The Great Landowners of Great Britain and Ireland (originally The Acre-Ocracy of England) is a reference work published by John Bateman in four editions between 1876 and 1883, giving brief details of individuals owning land in the United Kingdom of Great Britain and Ireland to a total of 3,000 acres (1,200 ha) or valuation of £3000 annual income. It has become a standard primary source for historians of the Victorian era.[1]
Compilation
The information was abstracted from the Return of Owners of Land (1873–1876), a government publication nicknamed the "Modern Domesday Book". Bateman collated the county-by-county information, correcting errors, allowing for variations in spelling of surnames, noting with footnotes and asterisks discrepancies and complexities of ownership or income.
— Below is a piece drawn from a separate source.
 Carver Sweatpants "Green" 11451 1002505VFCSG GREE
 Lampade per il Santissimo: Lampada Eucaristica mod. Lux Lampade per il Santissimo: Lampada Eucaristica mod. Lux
Owners noted in Evelyn Shirley's Noble and Gentle Men of England as in unbroken inheritance since the reign of Henry VII were given a special mark; later editions also separately marked owners not listed by Shirley but who protested to Bateman that they had the same antiquity.
John Bateman
John Bateman (1839–1910), editor of The Great Landowners of Great Britain and Ireland, lived at Brightlingsea Hall in Essex, and was a justice of the peace and deputy lieutenant for Essex and Staffordshire. In 1865, he married Jessy Caroline Bootle-Wilbraham, sister of Edward Bootle-Wilbraham, 1st Earl of Lathom. They had one daughter.